Earlier today, the Afghan Embassy in India, announced the closure of its operations citing “lack of resources” and “failure to meet Afghanistan’s interests” by the Taliban regime.
The Embassy also made an “unequivocal statement” stating that certain consulates that work on the instruction and funding from Kabul are not in consonance with the objectives of a legitimate or elected government, but rather serve the interests of an “illegitimate regime”.

Adding to this, she said that the other Afghan diplomats who had been sent by the earlier government also sought exile and left India, whereas, the remaining are having some internal problems with the people sent by the present government.

She further said that India cannot get involved in their internal politics. “The non-cooperation, I think, is because they expected us to intervene in favour of one faction or another faction. But, it is not possible for India to get involved in their internal politics,” said the former Indian envoy.

Mukherjee also noted that India has limited diplomatic contacts with the new Taliban government.

“There is also the question of the security of our own people who are in Kabul. So under those circumstances, remaining neutral and out of their internal problems was probably the wise decision to take,” she said.

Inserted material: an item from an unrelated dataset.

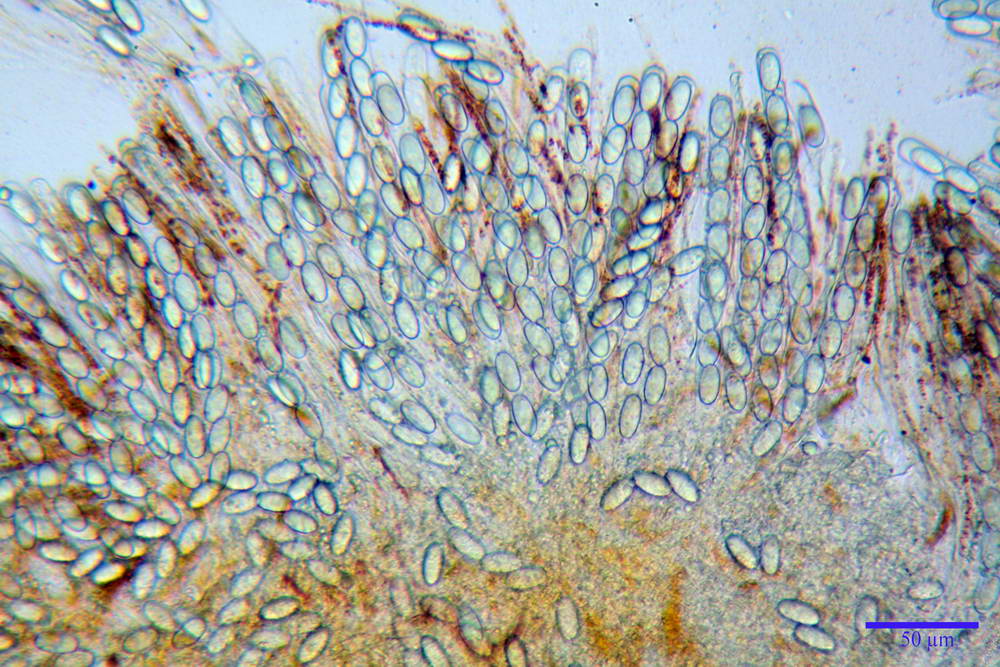 cheilimenia stercorea 4900 41.jpg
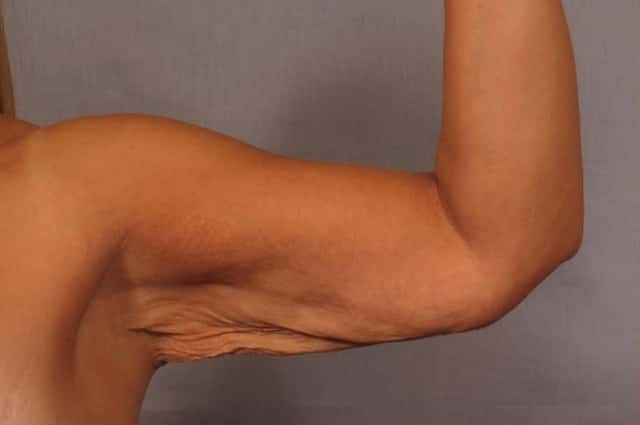 Arm Lift Before and 6 Months After, Left Inner Bent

Furthermore, she emphasized that Afghanistan may appoint new ambassadors and some new staff and the embassy is not going to be closed permanently.

“This Afghan embassy may be temporary. It may be that they will find some way out and they will appoint some new ambassadors and some new staff. So I think it is the beginning of a new process. It’s not going to be closed permanently,” she said.

Mukherjee, however, emphasized that Afghans will face consequences of the closure of the embassy as many of them come to India for medical treatment.

“Many Afghans come here for serious medical problems, dialysis, kidney, and organ transplants, cardiac problems, etc. They can still avail of the services that we have given them in Kabul and they can come,” she said.

Highlighting that India would welcome good relations with Afghanistan, she said, “If they choose to open an embassy, it would have to be negotiated because the government in power in Taliban-controlled Afghanistan is not recognized by the UN and is not recognized by any country, so it would have to be an informal arrangement.”

“But, I don’t think that this is a permanent decision to close the embassy,” she added.
Earlier in the day, the Afghan Embassy said in a statement, “It is with profound sadness, regret, and disappointment that the Embassy of Afghanistan in New Delhi announces this decision to cease its operations.

This decision, while deeply regrettable, is made after careful consideration, taking into account the historic ties and long­standing partnership between Afghanistan and India.”

The Embassy further stated that in accordance with Article 45 of the Vienna Convention on Diplomatic Relations (1961), all property and facilities of the Embassy will be transferred to the custodial authority of the host country.

Meanwhile, the Afghan ambassador and the embassy’s diplomats also extended their heartfelt gratitude to the people of India for their support and to the Government of India for their assistance to Afghanistan over the past 22 years.